I drop it off for service and to fix the MIL, at the end of the day they call me and tell me that they couldn't connect to the VW system, so the oil was changed, but the the MIL (and a recall that is pending) were not fixed.
When I go to pick it up the adviser tells me to reschedule because the problem should be fixed shortly..
When I try to reschedule, I demand a loaner this time, and after the first person on the phone tells me that there are none for the whole month, the second one has 1 ready for me the next day.
I drop off the van again, and drive away with the loaner. This time, after 2 days and because the THanksgiving weekend was coming along, I call to ask what was going on, and to eventually tell them that I just needed to drop by to pick something up in the car if they needed to keep it.
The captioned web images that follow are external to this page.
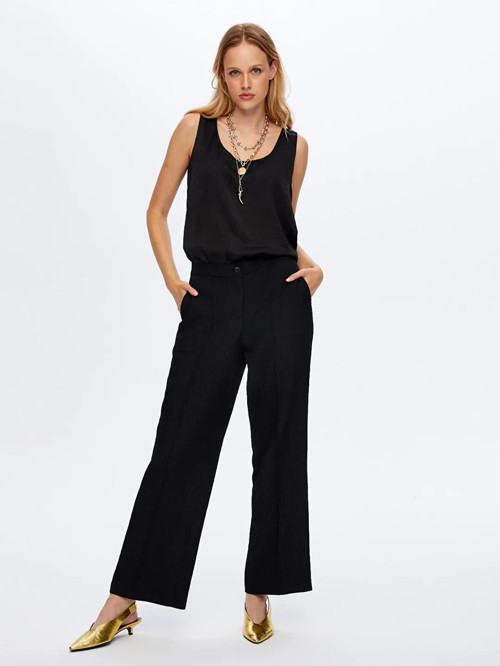 Beli Lastikli Kendinden Dokulu Wide Leg Fıt Kadın Pantolon UW26PNT018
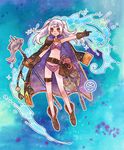  alternate_costume basket belt bikini blanchelune boots brown_gloves cape female_my_unit_(fire_emblem:_kakusei) fire_emblem fire_emblem:_kakusei fire_emblem_heroes fish fishing_net gloves jacket_on_shoulders looking_at_viewer my_unit_(fire_emblem:_kakusei) octopus pointing polearm silver_hair smile solo swimsuit thigh_strap trident twintails water weapon 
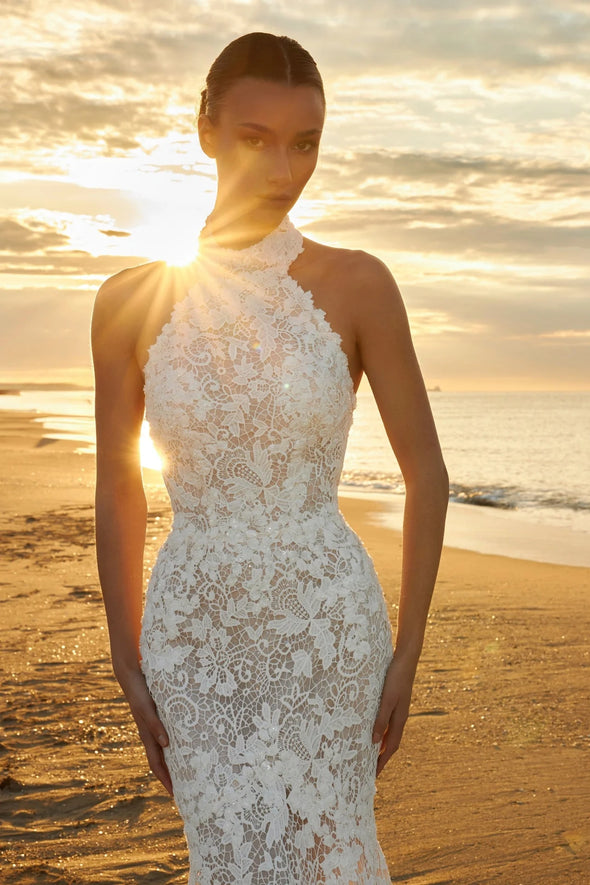 lace halter top wedding dress DZ9638 Mermaid Long Neck – TANYA BRIDAL Better-Than-A-Slip Dress (Length):Regular 57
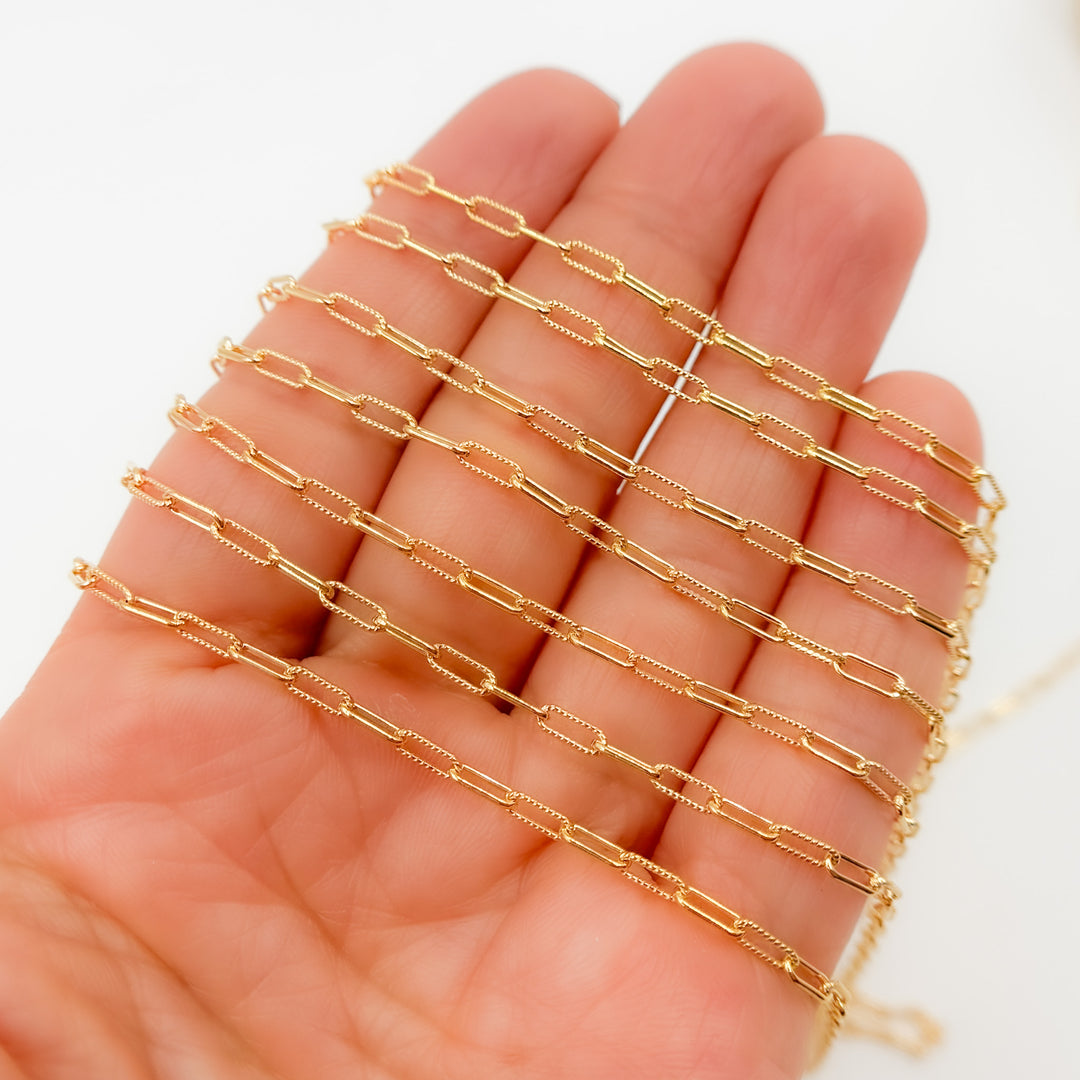 V298GF. 14k Gold Filled Textured & Smooth Paperclip Link Chain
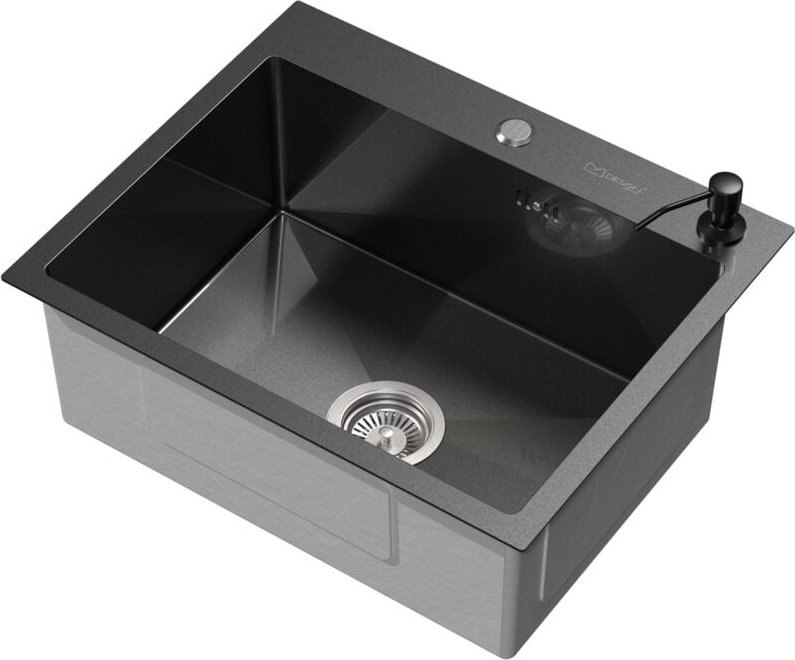 ML-Design Spülbecken Edelstahl 55x45 cm Anthrazit, Küchenspüle Rechteckig, 1 Becken Einbauspüle, Edelstahlspüle mit Ab- ...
The girl over the phone after 15 minutes, comes back and tells me that my car was ready.
Here the interesting part, I go pick it up, and the adviser tells me that they "couldn't replicate" the misfire !!??!?!!? What's there to replicate, the obd is telling you that happened already few times in the past month, is not like I'm talking out of my behind for this. They also tell me that the recall couldn't be performed. At my question:"So you pretty much had my car parked here for 2 days" the answer was:"oh well, pretty much... But it could have been a bad batch of fuel to cause the misfire" And I'm thinking.. For a month??!!??
Anyway, I am going to drop it off again today, because as I drove off the lot the MIL came back on, and guess what the code ... I had to jump through hoops again to get a loaner, but like other times the second lady had one ready for me..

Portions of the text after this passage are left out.